1 1/2-2 pounds mixed salad greens, see below
1 package grape tomatoes
1 pound, red bliss potatoes
1 fresh green pepper, sliced
10 radishes, sliced finely
1 bunch fresh Italian parsley, whole leaves
1 bunch fresh mint, julienned
1 medium red onion or sweet onion or 3 green onions, sliced (optional)
2 large thin Lebanese pitas, toasted
sea salt to taste
crushed black pepper to taste
6-8 Tb. Sumac Dressing
This is the mother of all salads. It is a meal in and of itself. You are not limited to just the ingredients listed, obviously. This salad is traditionally eaten during the summertime when there is an abundance of everything. Feel free to include any vegetables you would like.
1. Fresh greens. I like to use muesclin mixed greens, but you can use any variety you like (I would never recommend iceberg lettuce in anything you eat). Some recommendations include Boston lettuce, red lettuce, green lettuce, baby arugula, escarole, endive, radicchio, frizze, baby spinach, chicory and baby dandelion. Wash and dry the greens as necessary and put into the largest bowl you own.

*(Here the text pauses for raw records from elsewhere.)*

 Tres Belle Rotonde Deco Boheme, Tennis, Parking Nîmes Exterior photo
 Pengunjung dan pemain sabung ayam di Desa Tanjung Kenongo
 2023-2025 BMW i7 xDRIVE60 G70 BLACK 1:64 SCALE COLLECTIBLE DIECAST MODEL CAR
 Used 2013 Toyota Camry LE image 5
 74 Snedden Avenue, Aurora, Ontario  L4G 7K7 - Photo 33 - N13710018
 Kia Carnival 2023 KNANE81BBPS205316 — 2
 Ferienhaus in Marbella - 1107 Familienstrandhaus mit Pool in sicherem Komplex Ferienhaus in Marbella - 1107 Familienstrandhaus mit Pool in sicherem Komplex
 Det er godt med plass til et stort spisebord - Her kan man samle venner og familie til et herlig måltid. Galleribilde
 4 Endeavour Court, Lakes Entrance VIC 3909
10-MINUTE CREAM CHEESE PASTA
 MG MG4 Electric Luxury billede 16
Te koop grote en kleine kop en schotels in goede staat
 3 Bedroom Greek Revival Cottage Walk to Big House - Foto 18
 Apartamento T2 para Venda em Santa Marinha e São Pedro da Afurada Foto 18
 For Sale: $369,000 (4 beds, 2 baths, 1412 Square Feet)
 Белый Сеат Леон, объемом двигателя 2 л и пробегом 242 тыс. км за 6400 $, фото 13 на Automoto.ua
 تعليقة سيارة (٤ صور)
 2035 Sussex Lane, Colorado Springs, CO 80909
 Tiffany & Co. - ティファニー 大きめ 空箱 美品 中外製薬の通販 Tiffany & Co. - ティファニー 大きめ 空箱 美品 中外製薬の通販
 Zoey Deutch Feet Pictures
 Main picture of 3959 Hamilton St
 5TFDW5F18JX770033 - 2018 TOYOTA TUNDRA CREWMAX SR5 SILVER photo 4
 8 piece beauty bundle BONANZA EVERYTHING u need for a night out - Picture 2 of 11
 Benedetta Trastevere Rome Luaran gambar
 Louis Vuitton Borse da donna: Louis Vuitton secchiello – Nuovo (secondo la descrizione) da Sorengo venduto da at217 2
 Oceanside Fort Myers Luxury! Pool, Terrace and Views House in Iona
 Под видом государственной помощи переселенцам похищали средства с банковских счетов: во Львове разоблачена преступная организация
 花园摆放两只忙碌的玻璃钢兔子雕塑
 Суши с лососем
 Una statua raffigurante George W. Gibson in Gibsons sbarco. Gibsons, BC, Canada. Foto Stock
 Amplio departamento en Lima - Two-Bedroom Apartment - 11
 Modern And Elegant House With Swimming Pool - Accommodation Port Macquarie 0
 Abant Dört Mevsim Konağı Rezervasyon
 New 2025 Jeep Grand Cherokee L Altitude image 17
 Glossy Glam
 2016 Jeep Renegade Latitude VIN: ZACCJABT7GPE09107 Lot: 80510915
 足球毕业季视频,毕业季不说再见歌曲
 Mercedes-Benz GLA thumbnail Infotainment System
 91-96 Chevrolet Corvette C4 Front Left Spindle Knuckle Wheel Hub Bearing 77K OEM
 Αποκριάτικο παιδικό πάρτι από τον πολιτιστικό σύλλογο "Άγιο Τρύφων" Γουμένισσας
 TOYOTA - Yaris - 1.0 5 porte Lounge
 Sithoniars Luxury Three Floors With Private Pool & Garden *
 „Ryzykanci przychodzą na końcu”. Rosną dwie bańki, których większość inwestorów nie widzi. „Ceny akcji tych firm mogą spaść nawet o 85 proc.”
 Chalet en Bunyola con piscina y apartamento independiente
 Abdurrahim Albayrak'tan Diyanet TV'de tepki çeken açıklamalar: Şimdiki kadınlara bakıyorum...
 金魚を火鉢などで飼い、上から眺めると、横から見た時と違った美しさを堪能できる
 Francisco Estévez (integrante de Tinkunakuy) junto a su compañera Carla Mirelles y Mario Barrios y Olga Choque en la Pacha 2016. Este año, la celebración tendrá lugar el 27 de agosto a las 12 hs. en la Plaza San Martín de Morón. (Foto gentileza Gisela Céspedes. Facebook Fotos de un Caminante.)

2. Wash the potatoes and in a pot cover with water and add salt. Bring to a boil and cook until the potatoes are tender, but not mushy, 15 to 25 minutes. The potatoes should hold their shape completely, even when cut. When they are done cooking, run under cold water or place in an ice bath until cool. This is called shocking the vegetables and will stop the cooking. Slice each potato into halves or quarters. Add to the greens. Add the remainder of the vegetables.
3. Toast the two large pita either in a toaster oven or in your regular oven until medium brown in color. When cooled, break pita up into small bite size pieces with your hands. Add to salad.
4. Add between 6 to 8 Tb of salad dressing. The pita will soak up some of the dressing, so the amount varies. Season with salt and pepper as needed. Enjoy fresh. This is one salad that will keep decently overnight, so itís great as a leftover, but the pita might be a bit soggy.